# Ritaj DIP



## hitham (Apr 27, 2014)

Dears,

how is Ritaj community at DIP? is it a good place to buy or rent flat?
any has price reference for rent or buy?
how are facilities in this area?

thanks 
Hitham


----------



## plckid (Jul 25, 2013)

try Dubizzle.com


----------



## SmileyFace (Dec 22, 2010)

hitham said:


> Dears,
> 
> how is Ritaj community at DIP? is it a good place to buy or rent flat?
> any has price reference for rent or buy?
> ...


Went to have a look on the weekend. 
I hear daily on the radio that there are huge delays at Green Community roundabout 
Lots of blocks there - had a look at 2 bed (95K, 4-cheques) and 1 bed (65K).
The apartments are spacious, the area clean, plenty of Swimming pools, AlMaya SuperMarket in the 'compound'. 
Went to Green Community nearby for lunch - which looks nice and has plenty of shops.


----------



## ccr (Jun 20, 2010)

Traffic has been bad, and is getting worse every day.

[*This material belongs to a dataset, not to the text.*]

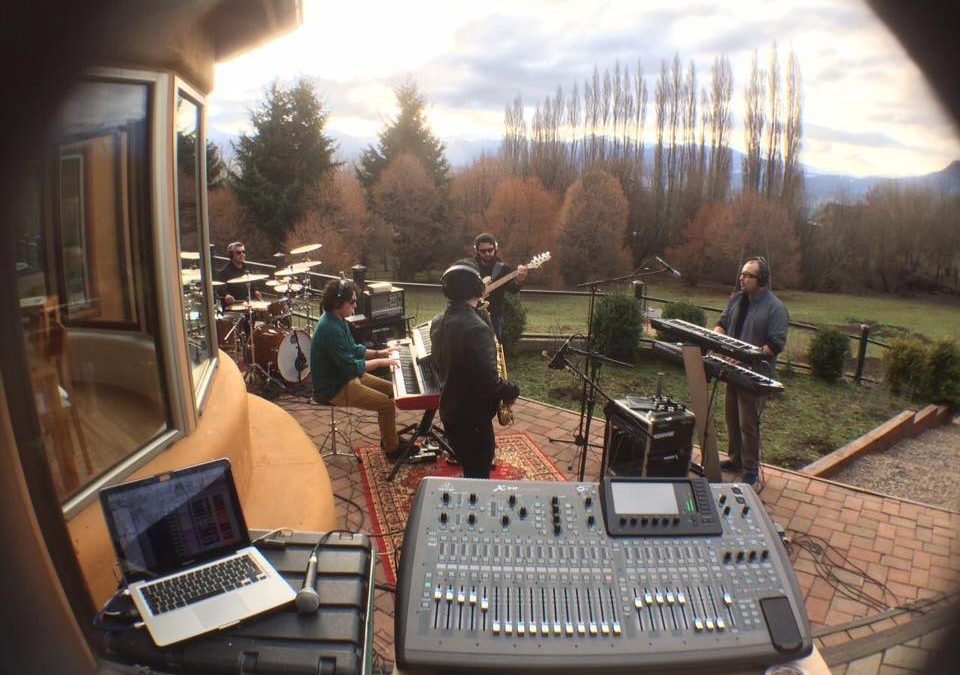 Artículos | #RedExodia en #Coyhaique: Fábrica de discos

Best to avoid DIP for at least 1 year while the construction at the "Circle of Death" (HUGE oval round-about) is done. They have just started to put dirt inside it now...


----------



## hitham (Apr 27, 2014)

Thanks dears that is really help


----------



## hitham (Apr 27, 2014)

Any other inputs guys


----------



## BBmover (Jun 15, 2013)

There have been some complaints regarding building work, maintenance, leaks, sewage coming up in toilets, cockroaches, smells - from colleagues whom lived there. Not in all apartments but were quite a few problems. Also they've had cars keyed overnight, approached by men whom live nearby in the workers area and didn't feel safe at night driving out to there. Nit my own personal experience just of others.


----------



## Stevesolar (Dec 21, 2012)

Hi,
I often travel to the industrial area of DIP to visit some companies that we do business with.
It always seems to feel so far out of town and traffic is always a nightmare - as well as the strange entrance that is only half open - with the corresponding exit blocked off.
It really seems very half finished.
Cheers
Steve


----------



## hitham (Apr 27, 2014)

Does Any one live in Ritaj?


----------



## camray (Nov 2, 2014)

*Cameron*

I might be renting an apartment at ritaj. Have these problems been solved?


----------